Film & Digital B&W “Hybrid”; How To Get The Best Of Both Worlds
There is a substantial interest in black and white among photo enthusiasts, particularly if you include infrared. That's why Epson, Canon, and HP developed printers capable of reproducing good black and white prints. On the camera side of digital, however, there is only one quite high-end black and white possibility I currently know of--the MegaVision medium format digital E Series MonoChrome back. There are four different configurations of their E Series MonoChrome medium format digital back: from a 6 megapixel (24x36mm sensor array) to a 39 megapixel (36x48mm sensor array), ranging in price from $7000-$26,000, plus having a medium format body and lens system to use with the back (www.mega-vision.com/products/Mono/Mono.htm). So, how do you, in this digital age, make new black and white images affordably and without an often compromised conversion of an RGB digital image to gray scale?
My exploration of this topic led me to be glad that I kept my 35mm film SLR
camera bodies. True, I have only used the system lenses with D-SLR bodies for
the last few years. But my motivation for getting my Canon EOS A2 out, putting
a new battery in and loading it with film was thinking about the Plustek OpticFilm
7200i 35mm film scanner I reported on in the September 2007 issue of Shutterbug.
If you read the report, I found this very high-resolution scanner produced really fine quality image files from color negative film images. So, my thought process went, why not also from C-41 process chromogenic black and white films, like Ilford XP2 or Kodak Professional BW400CN? This project began with loading my 35mm SLR with fresh black and white film, easy to do as both the Ilford and Kodak emulsions are readily available.
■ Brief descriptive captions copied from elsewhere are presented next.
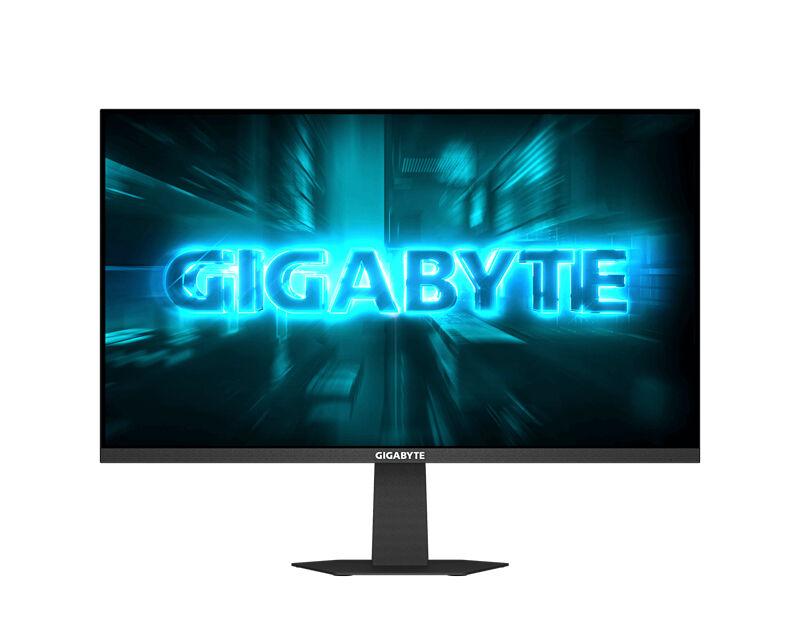 Gigabyte Gaming monitor 23" GS24F14 FHD 1920x1080 IPS 144 Hz FreeSync
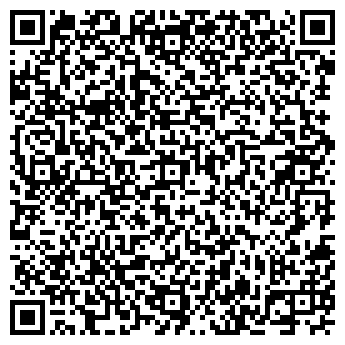 QR-код с контактной информацией организации PILENGA PITER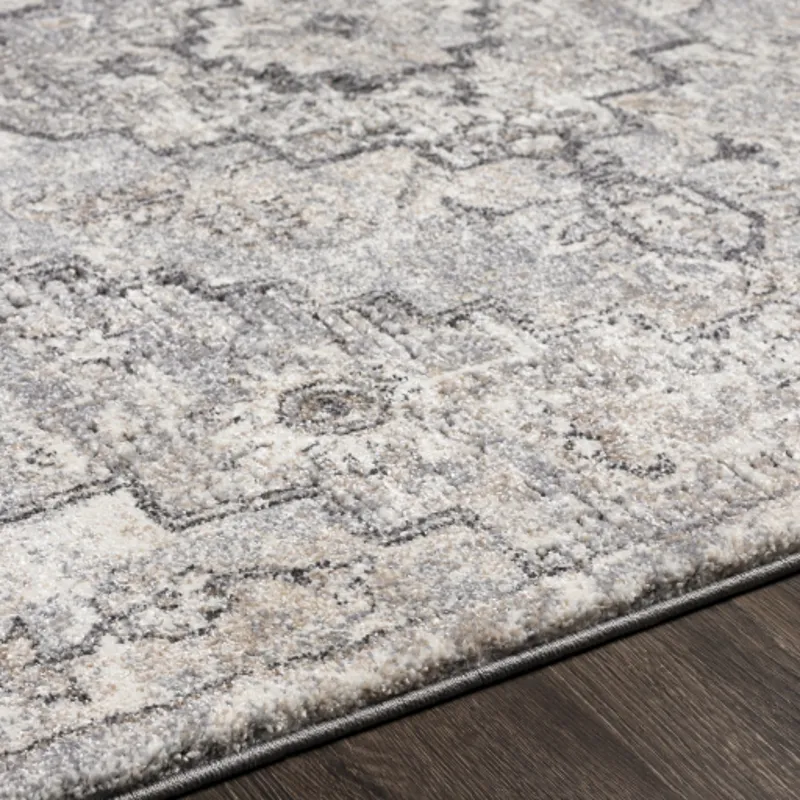 Tuscany 2' x 3' Rug
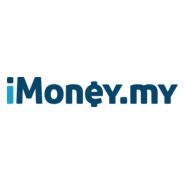 iMoney Logo PNG Vector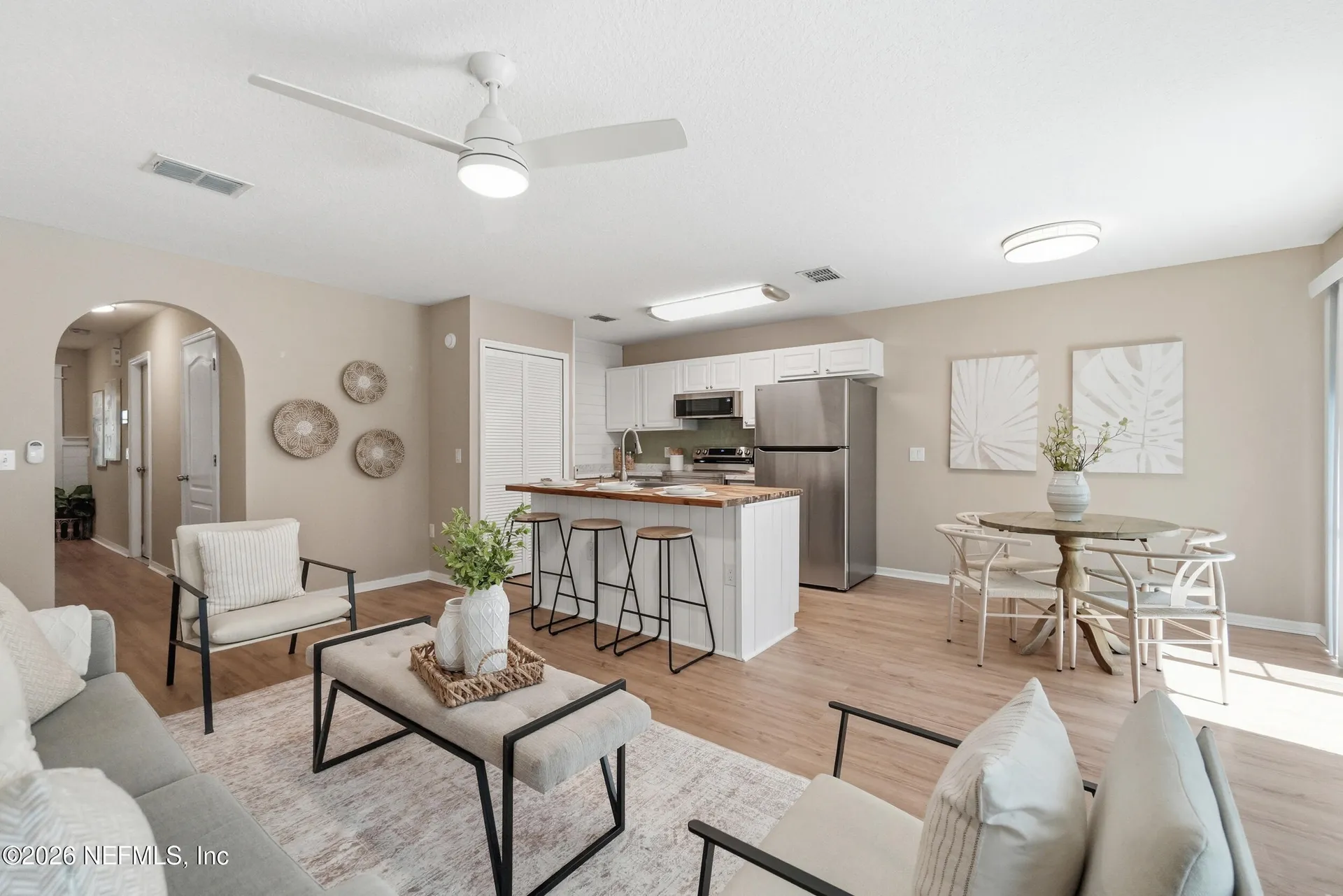 11693 Hickory Oak Drive Jacksonville FL 32218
Loading a camera with black and white film was a re-awakening of sorts. Even
though I'd been out shooting just recently, having black and white film
in a film camera turned a switch in my thinking about what subjects to look
for. I had not thought for some time that photo visualization in black and white
rather than color concentrates attention on different subject characteristics
of light and dark, shape and texture, and pattern and details. You see very
differently when color is eliminated. So off I went to "burn" some
film after a very long time of shooting exclusively digital color.
After my field trips shooting with black and white chromogenic film I headed to the nearest pro color lab in Santa Barbara, and found when I dropped off the film for C-41 processing I could pick the sleeved rolls of film up in just three hours. Although there are two such labs in Santa Barbara, not all of you may have such services that are so convenient. In fact, living in a small town an hour away from Santa Barbara I could just as well have chosen one of the three minilabs in town, one in Wal-Mart and the others in chain drugstores, and obtained fast service and good, clean processing. While the availability of either Kodak or Ilford C-41 black and white film may not be easy to find locally, every one of the major online photo suppliers I queried, including B&H, Adorama, Calumet, and Freestyle Photographic Supplies, had the films in stock. You may also want to get even more "traditional" and try other options, including near infrared, like the recently rereleased Ilford 200SX or even the Rollei black and white films, including their own near infrared (near infrared will reproduce a close to true infrared rendition of subjects with a #87 filter).